The concrete Tasks and CmdLineTask themselves have also evolved quite a bit, often in ways that highlight the lack of defined interfaces for specific concrete Tasks - there are many algorithmic features that have added implicit dependencies across Tasks, especially CmdLineTasks, making it harder to swap out components safely. That of course was an even bigger problem with Stages, but it’s clear CmdLineTasks have a similar problem, largely because their inputs and outputs are still too vaguely defined. It’s even true (to a lesser degree) of lower-level Tasks as well, because a Python signature doesn’t fully define an interface.

We’ve also never really settled the problem of how to organize a Task.run() method. Having multiple methods that run() delegates to allows one to replace an aspect of a component more easily, because you can inherit from the Task and reimplement only one of these methods instead of run(). One can do the same thing by delegating directly to a subtask in run() and then retargeting the subtask, and we haven’t really evaluated the pros and cons of these two approaches. And the result is a lack of consistency across concrete Tasks.

Some CmdLineTasks have also become a lot less readable as we’ve struggled with code reuse challenges when running similar algorithms on very different datasets - particularly in what’s arguably the most important task, ProcessCcdTask. Most of the work there is delegated to its base class ProcessImageTask, so it can be shared with ProcessCoaddTask, and that makes it harder to follow. I actually think a lot of that ugliness will go away as the algorithms for single-frame and deep processing naturally diverge, but to the extent it doesn’t we should look for other ways to share code.

HSC Batch/Pool Tasks

We’re currently in the process of moving over some code from HSC that includes an even higher-level collection of Tasks which aggregate multiple CmdLineTasks and run them in parallel on batch systems. This has exposed some subtleties in the differences between running these CmdLineTasks individually and all together, and a real deficiency in our ability to warm-start processing (we’re currently relying on config options that tell us whether to reuse data products that already exist on disk instead of using them, which almost inevitably leads to confusion). The batch tasks are also difficult to read, because they’re mostly about setting up pools of processes and passing jobs to them, rather than the algorithm flow. We might be able to fix this with some (fairly intense) Python syntactic sugar, but it also might be a sign that the code-readability advantage of using direct Python calls to link up pipeline units largely disappears when we get to parallel execution.

Bottom Line

Tasks were a big step up from what we had before in terms of readability and reusability (and hence developer efficiency) at a low level, precisely because they used standard Python constructs for calling units of code (i.e. the function call operator), and used Python constructs (function signatures) for defining inputs and outputs. They were a almost certainly a step back in terms of being able to connect to workflow systems. They were probably a step back for introspection, but I think that was more of an oversight in the concrete implementation rather than a flaw in the approach.

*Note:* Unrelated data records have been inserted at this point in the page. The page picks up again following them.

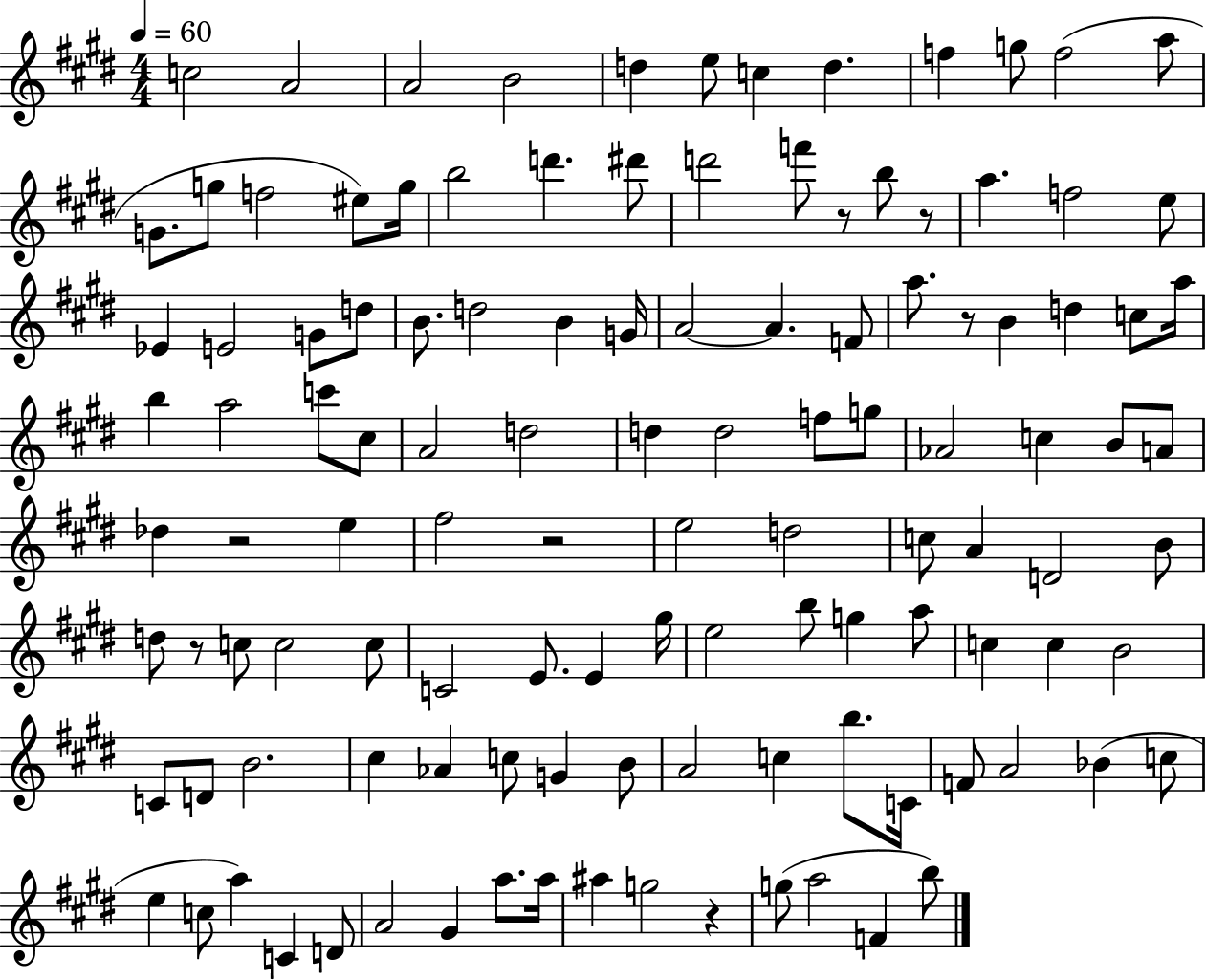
{
  \clef treble
  \numericTimeSignature
  \time 4/4
  \key e \major
  \tempo 4 = 60
  c''2 a'2 | a'2 b'2 | d''4 e''8 c''4 d''4. | f''4 g''8 f''2( a''8 | \break g'8. g''8 f''2 eis''8) g''16 | b''2 d'''4. dis'''8 | d'''2 f'''8 r8 b''8 r8 | a''4. f''2 e''8 | \break ees'4 e'2 g'8 d''8 | b'8. d''2 b'4 g'16 | a'2~~ a'4. f'8 | a''8. r8 b'4 d''4 c''8 a''16 | \break b''4 a''2 c'''8 cis''8 | a'2 d''2 | d''4 d''2 f''8 g''8 | aes'2 c''4 b'8 a'8 | \break des''4 r2 e''4 | fis''2 r2 | e''2 d''2 | c''8 a'4 d'2 b'8 | \break d''8 r8 c''8 c''2 c''8 | c'2 e'8. e'4 gis''16 | e''2 b''8 g''4 a''8 | c''4 c''4 b'2 | \break c'8 d'8 b'2. | cis''4 aes'4 c''8 g'4 b'8 | a'2 c''4 b''8. c'16 | f'8 a'2 bes'4( c''8 | \break e''4 c''8 a''4) c'4 d'8 | a'2 gis'4 a''8. a''16 | ais''4 g''2 r4 | g''8( a''2 f'4 b''8) | \break \bar "|."
}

I think it’s clear at the high level we’ll need more generic interfaces to allow the pipeline to be managed more effectively by workflow systems, and that probably needs to happen at or below the level at which we start doing parallelization - but we need to be very careful to avoid running into the same readability/hidden-dependencies/unusable-without-workflow-tools problems we had before we switched to Task.

3 Likes

The batch tasks are much better than they used to be. It used to be that MPI objects were passed around, and the code was full of if comm.rank == comm.root: foo = bar; else: foo = None. I think the addition of the process pool has cleaned this up, and allows the developer to concentrate on the algorithm (which includes the scatter/gather).

Thank you. I remember most of that, Including pipette, but it is really helpful to have written out. We’ll want to follow up with you on some of the detailed use cases that you mentioned.